The 26-year-old is the favorite to win his third NL Cy Young Award in five seasons, having allowed more than one run in just seven of 22 starts this season. Kershaw has held teams to three or fewer in each of his last 18 starts, going 14-2 with a 1.29 ERA and a .176 opponents’ batting average during that time. He has pitched at least seven innings in 14 consecutive starts, a streak that would likely be longer had it not been preceded by a rain-shortened five-inning complete game.
Heard enough about Kershaw yet? How about one more tidbit. He’s 6-2 with a 2.79 ERA in 10 career appearances (nine starts) against the Nats, including 4-0 with a 1.17 ERA in his last four starts against them over the last three seasons.
So good luck with that one. The Nats do have perhaps the best possible answer for Kershaw, however, as Fister would rank third in the NL with a 2.55 ERA if he had enough innings to qualify.
In Wednesday afternoon’s series finale, the Dodgers haven’t yet announced who will pitch against Jordan Zimmermann. Former Nats right-hander Dan Haren was originally supposed to start, but has been pushed back to Friday.
Rookie right-hander Carlos Frias and veteran right-hander Kevin Correia are considered the top candidates to take Haren’s place. Frias has pitched to a 5.65 ERA in eight relief appearances with the Dodgers this season and hasn’t fared much better at Triple-A, going 8-4 with a 5.01 ERA in 16 games (15 starts). Correia is 2-2 with a 6.75 ERA in four games (three starts) since Los Angeles acquired him from the Twins. Overall, the 34-year-old is 7-15 with a 5.13 ERA in 27 appearances (26 starts).
As for the rest of the staff, the Dodgers are fourth in the NL with a 3.30 team ERA and ninth with a 3.69 bullpen ERA. The club has won six of its last nine games mostly because of pitching, as the team has held opponents to three runs or fewer in four straight games and in six of nine.
The Dodgers also seem to be waking up from a brief offensive slumber, winning 7-1 Sunday after scoring six runs over their previous three games combined.

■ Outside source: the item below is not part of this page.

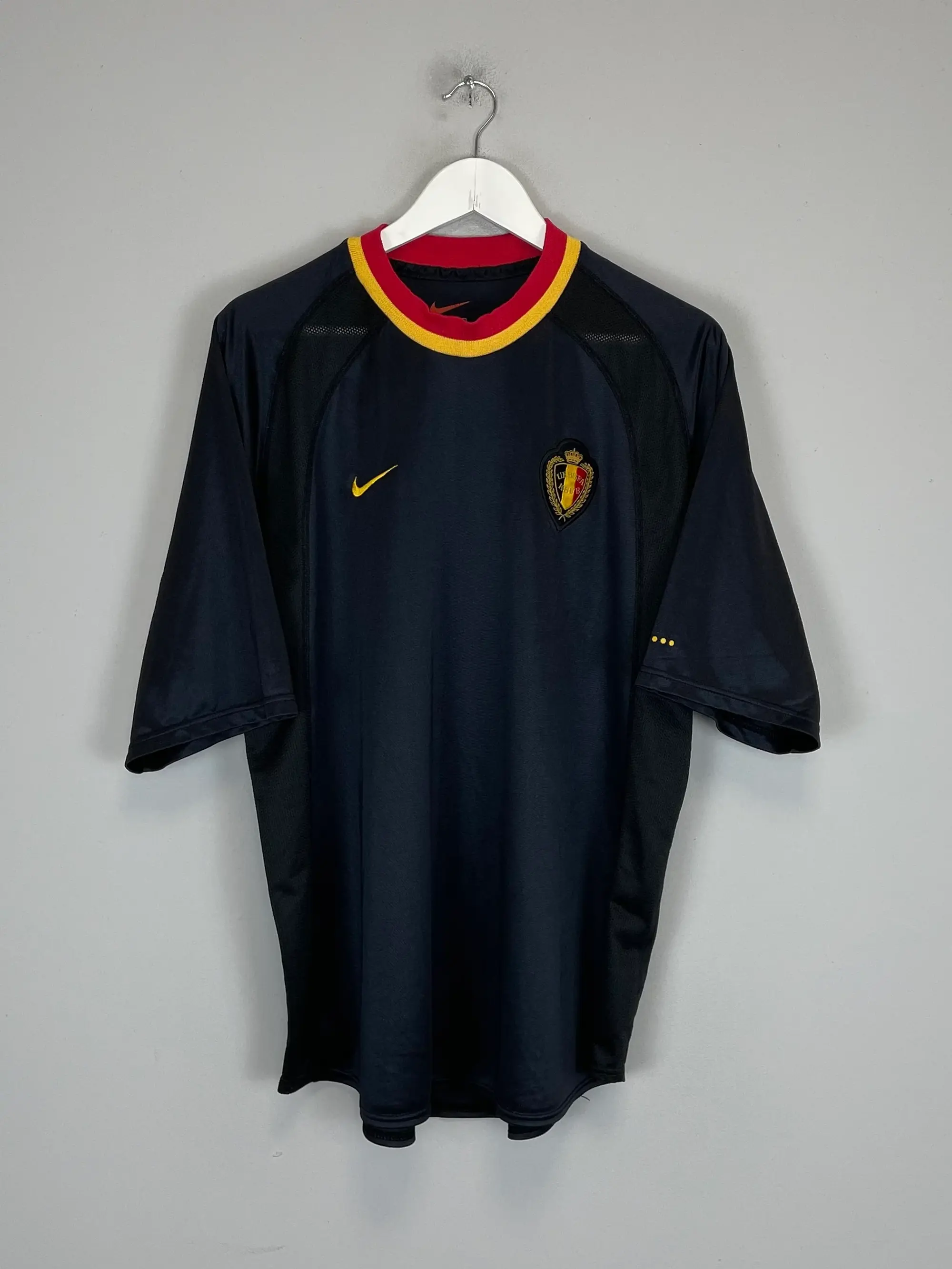 CULT KITS - 2000/02 BELGIUM AWAY SHIRT (L) NIKE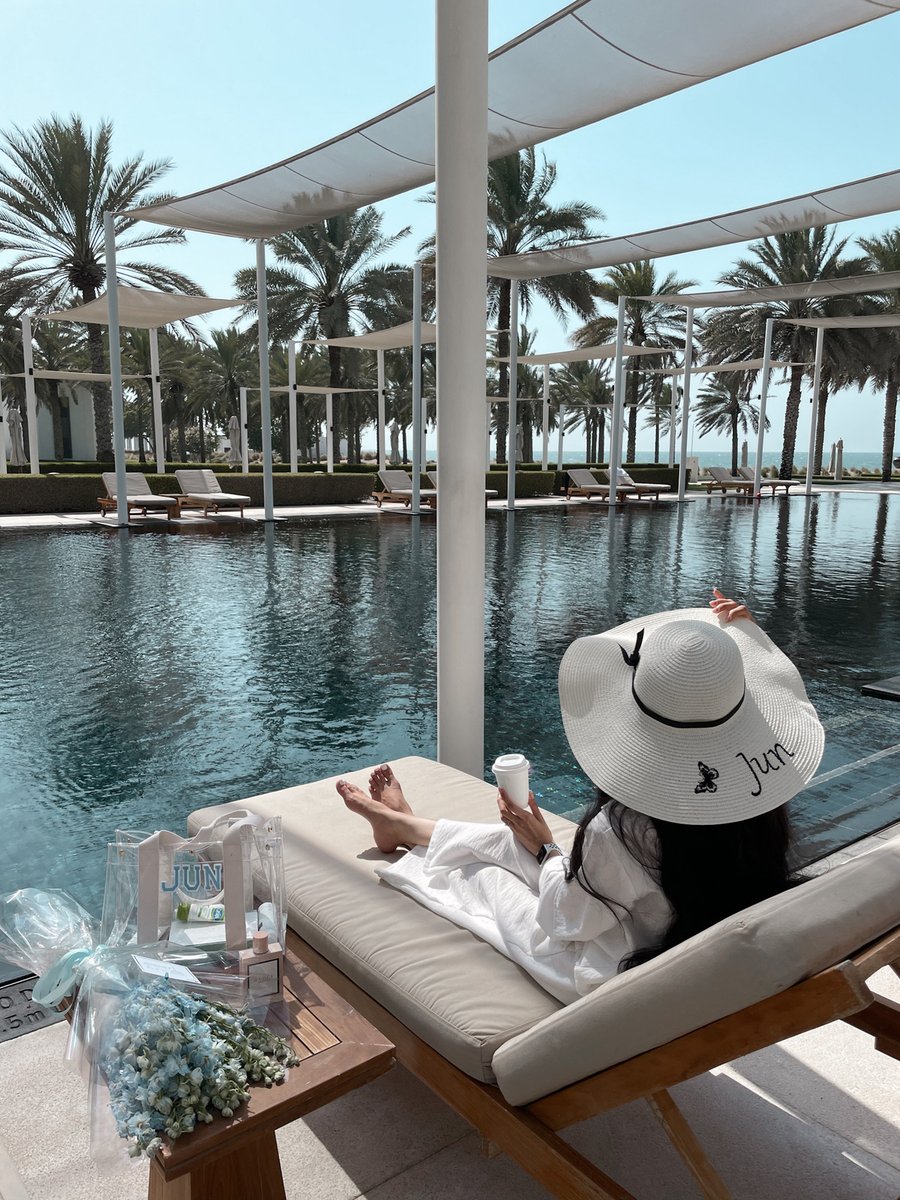 Thechedimuscat's tweet photo. At The Chedi Pool, summer settles into quiet, expansive moments and unhurried hours by the water.

#TheChediMuscat #Oman #LHWtraveler #ChediHospitality #AVoyageUnbound https://t.co/FBbYRQdWjM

While the starting pitching deserves most of the attention, Los Angeles also possesses one of the top lineups in the NL. The Dodgers rank fifth with 562 runs, second with a .260 average and fourth with a .721 OPS. They also are 13th with 99 homers, but that figure is deceptive since they’re third with 250 doubles and 36 triples, and have five players with at least 10 homers.
First baseman Adrian Gonzalez leads the club with 35 doubles and 19 homers while ranking second in the NL with 91 RBIs. He’s one of five Dodgers starters to post an OPS over .800.
Right fielder Yasiel Puig leads the team with an .873 OPS. He also has 33 doubles, nine triples, 13 homers, 59 RBIs and 72 runs scored. Outfielder Matt Kemp has 31 doubles, 16 homers, 64 RBIs and an .813 OPS.
Also, third baseman Juan Uribe was activated from the disabled list Sunday. He has 19 doubles, six homers and 37 RBIs in 82 games.
So the Dodgers have plenty of offensive firepower and the depth to boot. The Nats will have to contend with more than just the best rotation in baseball, but a team that also can hit the ball.
Both teams could be looking to make a statement against the other over the next three games with a playoff match-up looking like a very real possibility. But aside from that intangible, Los Angeles arguably needs wins more than Washington with the Giants on its heels. Either way, it should be a good series between the best two clubs the NL has to offer.